Media sosial
saat ini merupakan hasil pengembangan media belajar ataupun dakwah yang mana
hal ini lebih menarik perhatian masyarakat. Da’i-da’i saat ini berusaha
memanfaatkan momentum ini untuk menyebarkan ajaran Islam dengan hal yang baru.
Fenomena da’i yang melakukan dakwah di media sosial ini setidaknya didasari
atas 3 hal yaitu keinginan untuk menjawab keresahan umat secara global,
inisiatif invidu untuk menyebarkan ajaran Islam, dan sebagai kritik sosial
terhadap permasalahan-permasalahan yang sedang terjadi. Secara tidak langsung,
data ini menunjukkan bahwa antusias masyarakat muslim di Indonesia terhadap
ajaran agama mereka sudah mulai meningkat yang tentunya ini akan berdampak pada
kekuatan aspek spiritual dan keilmuan mereka. Namun disisi lain, fenomena ini
masih menimbulkan pro kontra di kalangan masyarakat sehingga perlunya diskursus
lanjutan dalam mengurai hal ini. Secara garis besar permasalahan pro kontra
dakwah ini hanya berkutat pada aspek objek dakwah dan materi dakwah itu
sendiri.
Memang
secara kuantitatif, dakwah melalui media sosial ini akan jauh lebih berhasil
daripada dakwah secara konvensional seperti tabligh akbar, pengajian di
musola-musola, dan lain sebagainya jika kita berkaca pada objek dakwah saat ini
yaitu generasi Z. Hal ini dikarenakan dakwah melalui media sosial ini dapat
dikemas dan dikreasikan sedemikian rupa agar konsumen tidak merasa jenuh dengan
materi dakwah yang mereka terima.

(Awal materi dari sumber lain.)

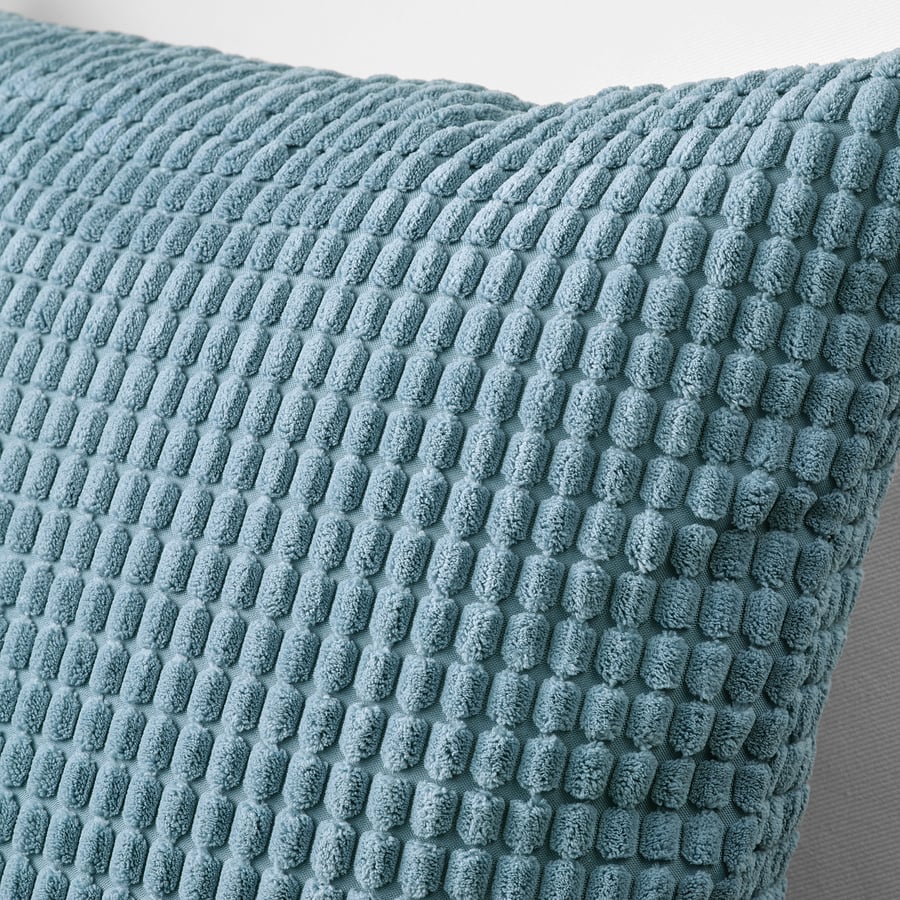 GULLKLOCKA Cushion cover, light blue, 50x50 cm IKEA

Hal selanjutnya masih dari segi kuantitas
sasaran dakwah ini, media sosial melalui platform instagram, whatsapp,
youtube, dan facebook ini memiliki kelebihan dalam menjangkau
masayarakat secara global bukan lagi lingkup lokal. Jelas hal ini merupakan
suatu kemajuan peradaban Islam yang baik karena dakwah bisa terealisasi secara
merata walaupun tidak secara instan. Adanya media sosial ini juga memberikan
dampak positif bagi da’i-da’i untuk beradaptasi terhadap perkembangan zaman
sehingga mampu menjawab tantangan kemerosotan karakter dan lemahnya pengetahuan
masyarakat di dunia maya. Pemanfaatan media sosial sendiri sebagai media dakwah
sejatinya menjadi penyeimbang terhadap konten-konten yang justru merusak
karakter serta meniadakan fungsi ajaran-ajaran agama bagi kehidupan
bermasyarakat.
Sebaliknya,
dakwah melalui media sosial ini menuai kritik dan kontra oleh berbagai kalangan
dikarenakan dakwah akan kehilangan esensinya sebagai strategi penyebaran ajaran
Islam yang ramah. Hal tersebut bukan hanya praduga semata sebab ketika kita
melihat kondisi nyata di media sosial saat ini ternyata pembuat konten dakwah sulit
dibedakan antara yang benar-benar untuk tujuan amar ma’ruf atau justru mencari
ketenaran. Problem ini tentunya memiliki akibat yang berkelanjutan yaitu
timbulnya perdebatan-perdebatan dan perpecahan oleh golongan muslim itu sendiri
sehingga yang awalnya dakwah bertujuan mencerahkan justru terkesan melakukan
pembelaan atas kebenaran sepihak dan menyalahkan. Selain itu, mudahnya akses
terhadap pembuatan akun di media sosial menjadi salah satu bahaya dakwah sebab
setiap orang bisa dengan mudahnya membagikan informasi yang mereka sendiri
tidak menguasai dispilin ilmu tersebut.
Penyalahgunaan
media sosial dalam berdakwah untuk menjatuhkan da’i ataupun ulama yang berbeda
pendapat juga menjadi salah satu aspek dakwah melalui platform dunia maya ini
menuai kritik. Seharusnya dalam dakwah di media sosial yang harus ditampilkan
adalah Islam yang rahmatan lil ‘alamiin dengan memasukkan konten-konten
yang berisi motivasi dan jawaban terhadap masalah yang muncul di masyarakat
bukan masalah-masalah yang debatable. Kita bisa lihat pada iklim media
sosial akhir-akhir ini justru yang terpampang adalah adu kebenaran dan saling
memberikan pembelaan terhadap pendapat mereka masing-masing sehingga
menimbulkan keresahan dan membuat citra Islam yang intoleran. Dakwah melalui
media sosial juga rawan dengan adanya potongan-potongan statement kiai
ataupun ustadz tentang isi kajian yang diberikan sehingga menimbulkan
multitafsir dan kesalahpahaman bagi netizen.